All posts by Stephen Krewson

Scraping Samuel Richardson

It’s hard enough to read Samuel Richardson’s Pamela. It’s even harder to finish his later, longer epistolary novel: Clarissa, or, the History of a Young Lady (1748) [984,870 words]. Having toiled through both books, I was resting easy until confronted with a curious volume that I volunteered to present on in a graduate seminar on the 18C novel. The title? A collection of the moral and instructive sentiments, maxims, cautions, and reflexions, contained in the histories of Pamela, Clarissa, and Sir Charles Grandison (1755). The CMIS, as I’ll abbreviate it, consists of several hundred topics, each with multiple entries that consists of a short summary and a page reference. Here’s an example from the Clarissa section, thanks to ECCO.

Without going into the meaning or importance of these references, I want to focus on a practical problem: how could we extract every single citation of the eight-volume “Octavo Edition” of 1751? Our most basic data structure should be able to capture the volume and page numbers and associate them with the correct topic. While Richardson may very well have used some kind of card index, I can safely say that no subsequent reader or critic has bothered to count anything in the CMIS. But its very structure demands a database!

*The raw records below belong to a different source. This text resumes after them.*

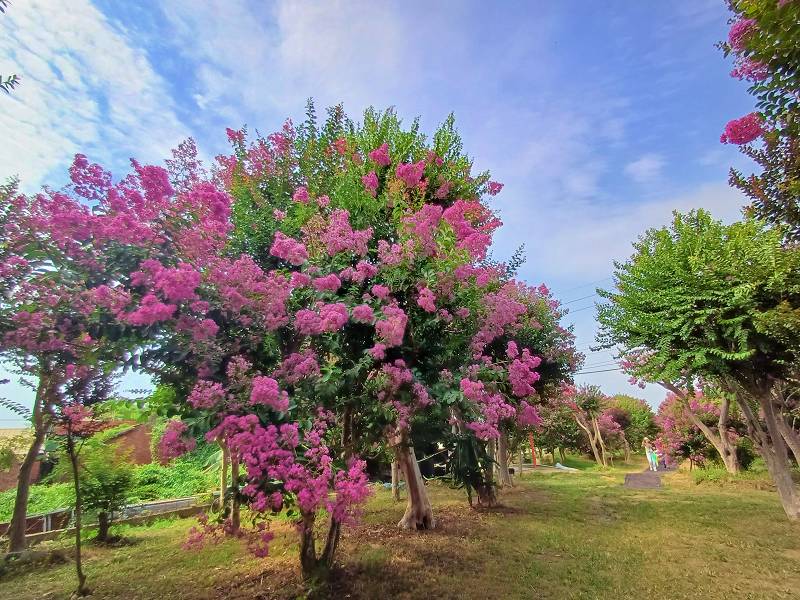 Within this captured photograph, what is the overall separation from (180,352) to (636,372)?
318 inches

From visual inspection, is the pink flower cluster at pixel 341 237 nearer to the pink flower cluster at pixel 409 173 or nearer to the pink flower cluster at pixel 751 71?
the pink flower cluster at pixel 409 173

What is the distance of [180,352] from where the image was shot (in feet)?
11.0

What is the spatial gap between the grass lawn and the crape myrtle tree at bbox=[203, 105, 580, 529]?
5.49ft

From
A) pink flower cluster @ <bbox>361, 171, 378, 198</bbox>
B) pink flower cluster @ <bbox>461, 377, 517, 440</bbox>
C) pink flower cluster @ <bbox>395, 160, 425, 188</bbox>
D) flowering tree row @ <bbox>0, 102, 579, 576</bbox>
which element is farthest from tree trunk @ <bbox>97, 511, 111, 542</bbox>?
pink flower cluster @ <bbox>395, 160, 425, 188</bbox>

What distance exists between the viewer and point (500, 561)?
17.8ft

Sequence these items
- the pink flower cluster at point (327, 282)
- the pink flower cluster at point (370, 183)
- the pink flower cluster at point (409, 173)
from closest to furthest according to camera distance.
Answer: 1. the pink flower cluster at point (327, 282)
2. the pink flower cluster at point (370, 183)
3. the pink flower cluster at point (409, 173)

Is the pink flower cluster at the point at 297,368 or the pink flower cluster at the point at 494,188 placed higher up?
the pink flower cluster at the point at 494,188

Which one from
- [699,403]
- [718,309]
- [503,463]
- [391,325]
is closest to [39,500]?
[503,463]

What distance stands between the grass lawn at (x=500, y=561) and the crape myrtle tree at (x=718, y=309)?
2415 millimetres

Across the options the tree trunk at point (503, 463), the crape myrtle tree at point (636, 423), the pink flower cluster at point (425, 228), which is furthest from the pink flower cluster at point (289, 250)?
the crape myrtle tree at point (636, 423)

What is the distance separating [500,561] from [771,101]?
577 centimetres

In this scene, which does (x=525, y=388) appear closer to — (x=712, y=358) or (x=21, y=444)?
(x=712, y=358)

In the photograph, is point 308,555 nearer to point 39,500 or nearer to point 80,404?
point 80,404

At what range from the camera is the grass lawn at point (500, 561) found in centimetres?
443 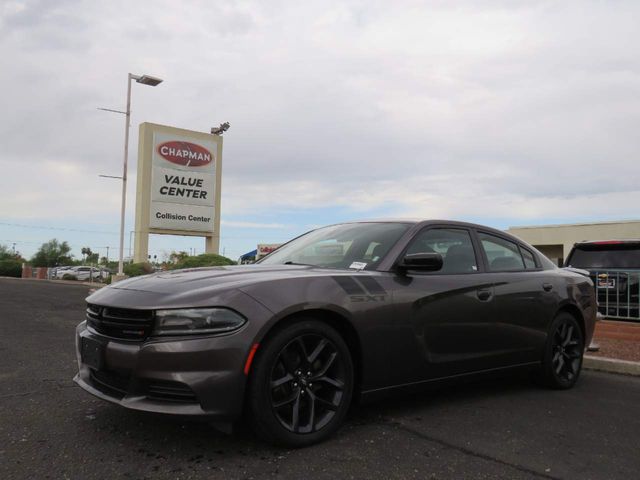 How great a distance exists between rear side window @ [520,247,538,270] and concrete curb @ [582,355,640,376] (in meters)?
1.91

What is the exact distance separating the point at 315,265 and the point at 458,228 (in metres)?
1.37

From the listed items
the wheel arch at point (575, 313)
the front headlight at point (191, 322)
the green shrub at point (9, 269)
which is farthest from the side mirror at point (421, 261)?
the green shrub at point (9, 269)

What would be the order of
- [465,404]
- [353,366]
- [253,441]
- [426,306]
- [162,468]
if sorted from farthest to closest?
[465,404] → [426,306] → [353,366] → [253,441] → [162,468]

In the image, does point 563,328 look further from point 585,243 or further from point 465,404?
point 585,243

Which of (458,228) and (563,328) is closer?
(458,228)

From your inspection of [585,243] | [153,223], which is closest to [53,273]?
[153,223]

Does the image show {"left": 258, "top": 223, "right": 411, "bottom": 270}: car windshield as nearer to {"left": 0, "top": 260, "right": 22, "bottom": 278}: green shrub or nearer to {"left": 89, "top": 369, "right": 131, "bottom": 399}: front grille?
{"left": 89, "top": 369, "right": 131, "bottom": 399}: front grille

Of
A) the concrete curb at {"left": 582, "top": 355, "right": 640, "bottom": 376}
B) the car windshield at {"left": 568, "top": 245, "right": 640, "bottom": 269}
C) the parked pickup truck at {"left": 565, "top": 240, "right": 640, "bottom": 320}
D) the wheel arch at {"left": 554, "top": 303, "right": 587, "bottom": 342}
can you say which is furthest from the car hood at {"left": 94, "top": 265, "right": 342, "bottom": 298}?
the car windshield at {"left": 568, "top": 245, "right": 640, "bottom": 269}

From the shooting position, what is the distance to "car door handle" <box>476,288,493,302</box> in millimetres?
4457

As a novice user of Python, it will be somewhat embarrassing to share the script I wrote to “scrape” the page numbers from an e-text of the CMIS (subscription required) helpfully prepared by the wonderful people and machines at the Text Creation Partnership (TCP). The TCP’s version was essential since the OCR-produced text (using ABBYY FineReader 8.0) at the Internet Archive is riddled with errors.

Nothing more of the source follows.